The MacBook Air was long expected to get the Retina display treatment. Instead, Apple introduced a brand new MacBook that just so happens to come with a Retina display. And a gold finish. And its own Web page.
The new MacBook, as opposed to the MacBook Air, which remains with improved specs, weighs just 2.03 pounds and can go an entire day without needing a charge. It also features the new USB-C port, which supports charging, USB 3.1 Gen 1, Native DisplayPort 1.2 video output, VGA output, and HDMI video output.
Did I mention the gold finish?
I really love the MacBook’s look and am thrilled that the MacBook name has returned. It was very strange to have a MacBook Pro and MacBook Air, but no MacBook. Still, should you buy a MacBook, as opposed to those other two models?
That depends. And thanks to Apple’s pricing for all three models, zeroing in on the differences in order to make an informed choice isn’t an easy one.
One way to compare Mac notebooks is to see what you can get for $1,299, which is the price for the entry-level MacBook.

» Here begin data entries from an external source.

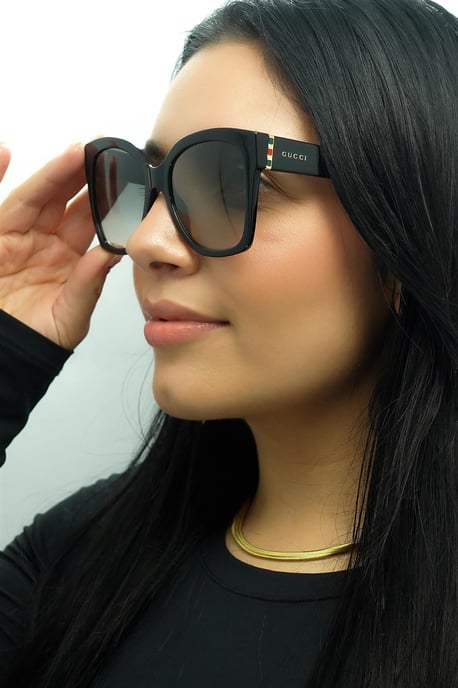 Gafas de sol Gucci Square para mujer en negro y gris degradado - Image 6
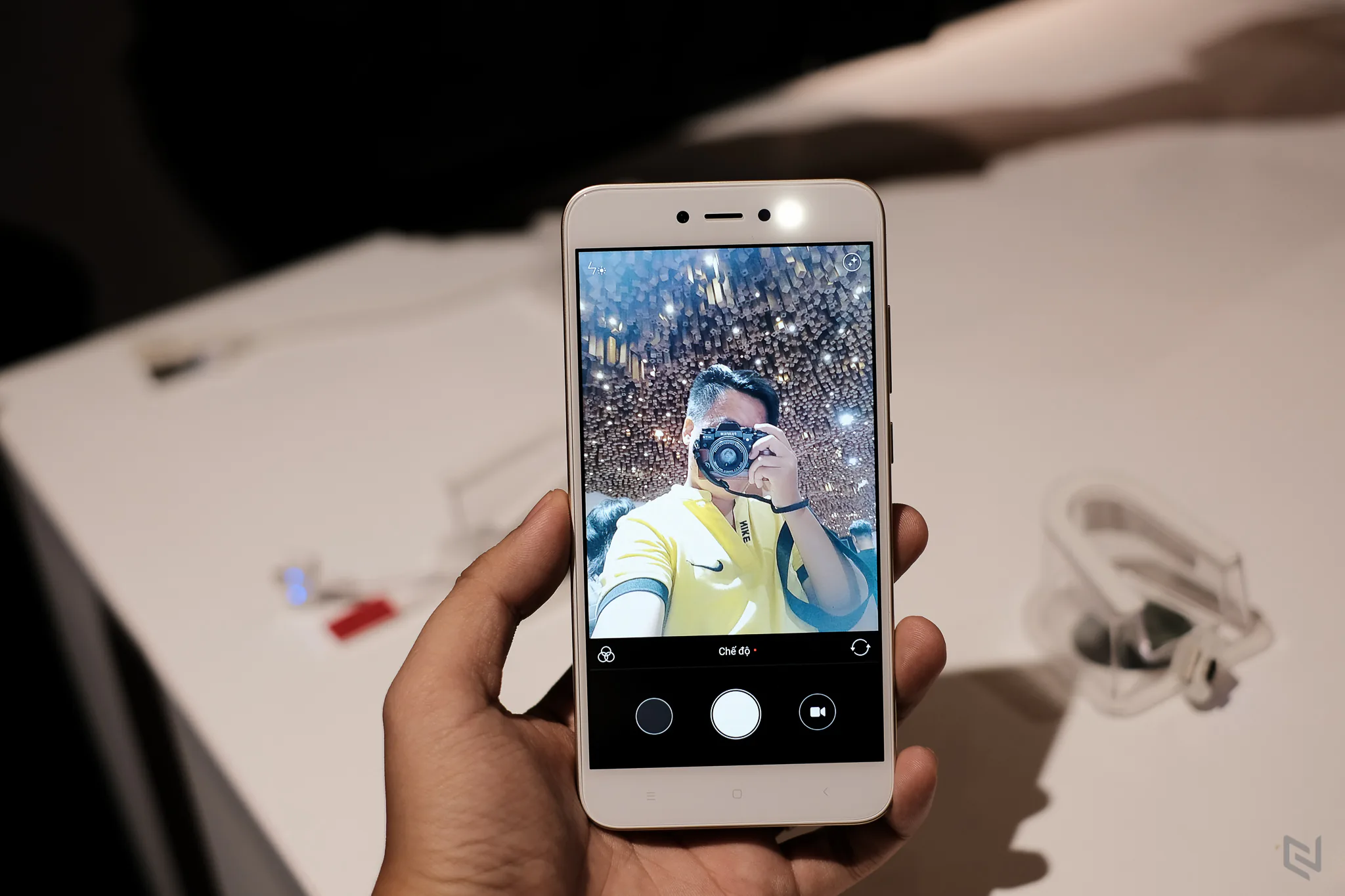 Xiaomi Mi MIX 2 đối thủ của Galaxy Note FE chuẩn bị lên kệ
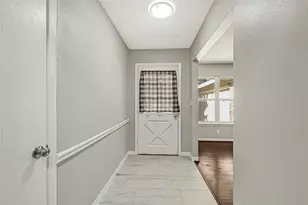 231 Ravenhead Dr, Houston, TX 77034 - Photo 4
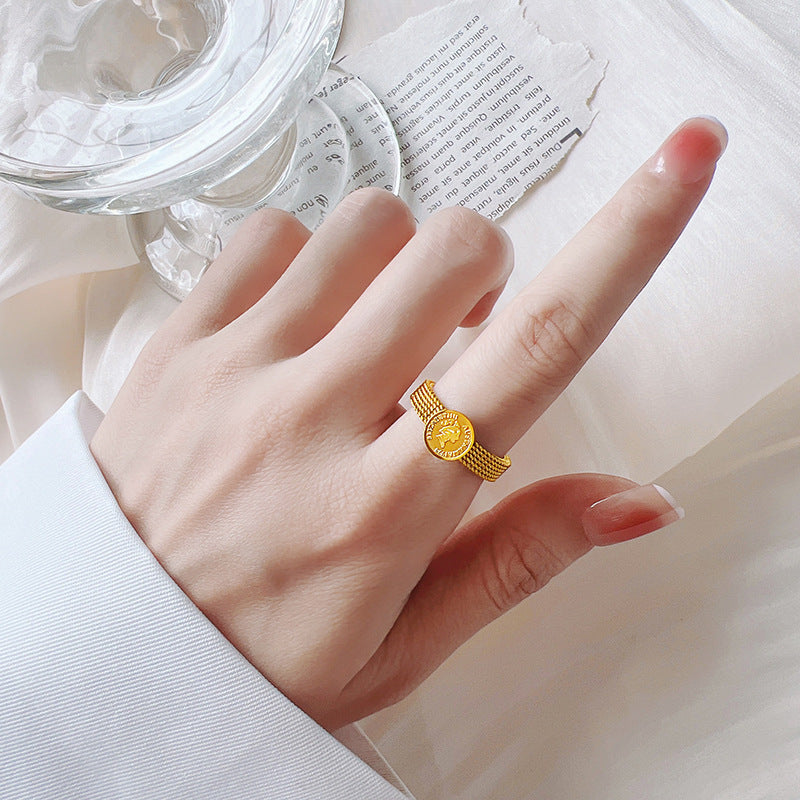 Damen Ring mit prägnantem Münzdesign und netzartigem Band Shop Nory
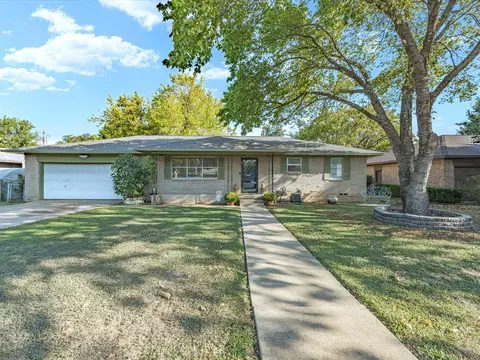 209 W Avenue K, Midlothian, TX 76065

For this, you would receive:
- MacBook: 12-inch Retina display (2,304 by 1,400 pixels), 256GB PCIe-based onboard Flash storage, 8GB memory, and a 1.1Ghz dual-core Core M processor. Weight: 2.03 pounds.
- MacBook Air: 13-inch non-Retina display (1,440 by 900 pixels), 256GB PCIe-based onboard Flash storage, 8GB memory (upgraded from 4GB), and a 1.6GHz dual-core Intel Core i5 processor. Weight: 2.96 pounds.
- MacBook Pro: 13-inch Retina display (2,560 by 1,600 pixels), 128GB PCIe-based onboard Flash storage, 8GB memory, and a 2.7Ghz dual-core Intel Core i5 processor. Weight: 3.48 pounds. Note: to get 256GB in Flash storage on a MacBook Pro, you’d need to pay an additional $200.
The tradeoff, based on these findings, comes down to the processor, Flash storage, and display (pixels and size).
The Core M is the newest Intel processor. It is smaller and uses less energy than both the Intel i5 and Intel i7 (found on more expensive MacBook Pro models). More importantly, no fan is required to cool the computer.
In terms of Flash storage, it’s a wash between the MacBook and MacBook Air for the same amount of money. You’ll need to pay more to bump up the storage on the MacBook Pro.
When it comes to the display, you need to decide whether pixels are more important that screen size. With a MacBook Pro, it’s a win-win. You’ll get a larger and better display. With the MacBook Air, the display is larger, but the pixel density is much less.
Personally, I’d choose the MacBook over the MacBook Air, for the reasons stated above. It also is the only MacBook to feature a new keyboard design and a trackpad with Force Touch. And the MacBook design is where Apple is going with the company’s entire notebook lineup.
If you really want a larger screen than the MacBook can offer, bump up to the MacBook Pro. From a pixel perspective, it beats the MacBook and MacBook Air.
We hope to get our hands on a new MacBook in the coming weeks. When we do, we’ll let you know what we think.
In the meantime, Apple has posted a very good Mac notebook comparison guide. Be sure to take a look before making a purchase.